Die großen Herausforderungen beschreibt auch die französische "Le Monde": "Die neue Regierung ist jetzt am Ruder, ihr stehen gewaltige Anstrengungen bevor. Ihr Motto 'Mehr Fortschritt wagen' ist nichts anderes als das Versprechen, Deutschland wieder in Bewegung zu versetzen." Das brauche das Land wirklich. "Denn auch wenn die 'Merkel-Jahre' von einem glänzenden wirtschaftlichen Wohlstand gekennzeichnet waren, standen sie doch auch für mangelnde Reformbestrebungen." Das müsse das Land heute in Form von veralteten Infrastrukturen, eines wenig leistungsfähigen Verwaltungsapparates und einer sehr verspäteten Digitalwende ausbaden, heißt es weiter.
"Lidove noviny" aus Tschechien erinnert derweil an Merkel mit ihrer DDR-Sozialisation: "Die große Mehrheit der Deutschen applaudiert Angela Merkel dafür, dass sie das Land erfolgreich durch mehrere Krisen geführt hat. Eine Minderheit kritisiert die Öffnung der Grenzen für Flüchtlinge und den übereilten Ausstieg aus der Kernkraft." Doch es sei logisch, dass eine Politikerin, die 16 Jahre lang an der Spitze der Regierung stand, auch Fehler gemacht hat. "Weniger verständlich ist die harsche Kritik, die ihr dafür bis heute bei uns in Tschechien entgegenschlägt. Denn Angela Merkel war die erste und letzte Bundeskanzlerin mit persönlichen Erfahrungen mit dem Sozialismus. Sie hatte immer Verständnis für uns, die 'Schmuddelkinder aus dem Osten'. Wir werden uns noch sehnsüchtig an sie erinnern."
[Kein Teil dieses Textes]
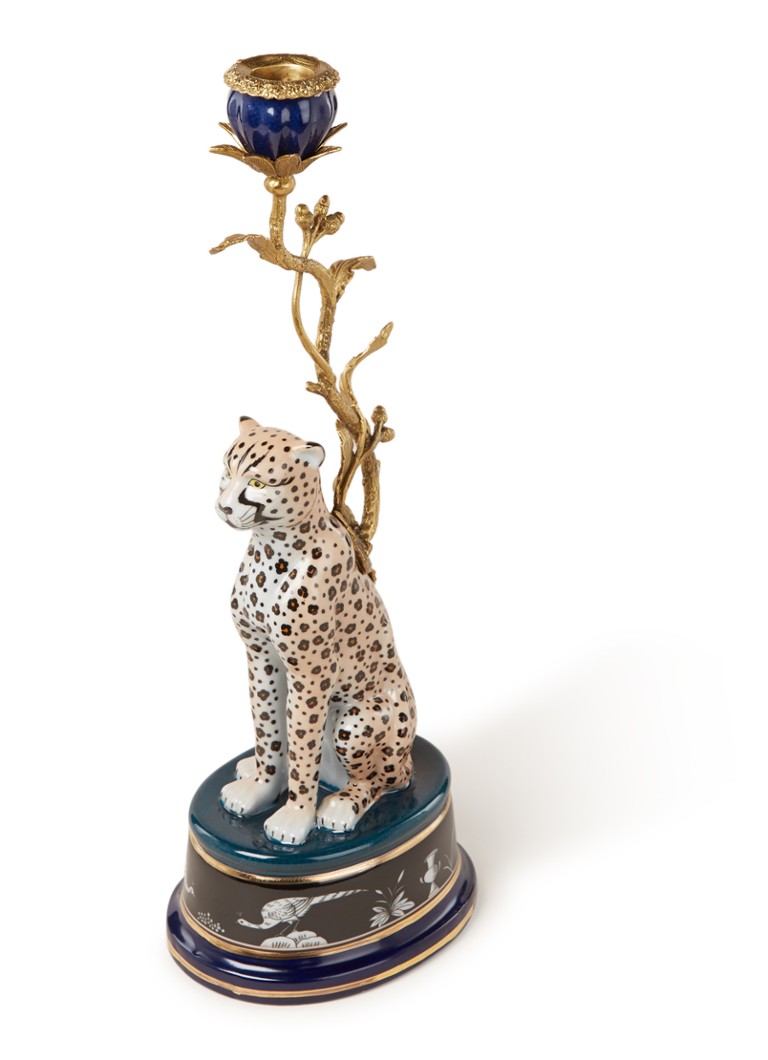 &Klevering - Bougeoir léopard 41 cm - Multicouleur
Die Außen- und Verteidigungspolitik nimmt die Londoner "Times" in den Blick: "Angesichts einer erneuten Bedrohung der Ukraine durch Russland darf die freie Welt nicht an den Verteidigungskapazitäten sparen. Es mag überraschen, dass die Koalitionspartner von Olaf Scholz ein starkes Bewusstsein für die Notwendigkeit gezeigt haben, die Expansionsbestrebungen Russlands und Chinas einzudämmen und unterdrückte Völker und Dissidenten zu unterstützen." Der Bundeskanzler habe auf eine Stärkung der Streitkräfte des Landes gedrängt. Dies seien wichtige Signale. "Präsident Wladimir Putin hat versucht, den Westen zu spalten, indem er durch die Nord-Stream-2-Pipeline Erdgas nach Deutschland liefert. Sollte er gegen die Ukraine vorgehen, deren Grenzen er bereits gewaltsam verändert hat, wird die neue Regierung in Berlin möglicherweise zwischen innenpolitischen Erwägungen und Bündnissolidarität wählen müssen. Es gibt Grund zur Hoffnung, dass Deutschland unter seiner neuen Regierung zu seinen Verbündeten steht."
Auch die niederländische Zeitung "de Volkskrant" verweist auf internationale Herausforderungen - und den Streitpunkt Nord Stream 2: "Auch der Ukraine-Konflikt könnte den Zusammenhalt der Koalition unter Druck setzen, noch bevor die Tinte auf Scholz' Ernennungsurkunde getrocknet ist. Laut der britischen 'Financial Times' fordert US-Präsident Joe Biden, dass Deutschland Nord Stream 2 stoppt, falls Russland die angeblichen Invasionspläne wirklich in die Tat umsetzt. Nord Stream 2, die umstrittene Pipeline, die Milliarden gekostet hat und Gas von Russland nach Deutschland und damit nach Europa bringen soll, war schon immer ein Streitthema. Insbesondere zwischen den Koalitionsparteien SPD und Grünen. Die SPD ist dafür, die Grünen sind vehement dagegen. Der amerikanische Druck könnte diese Bruchstelle wieder zum Vorschein bringen."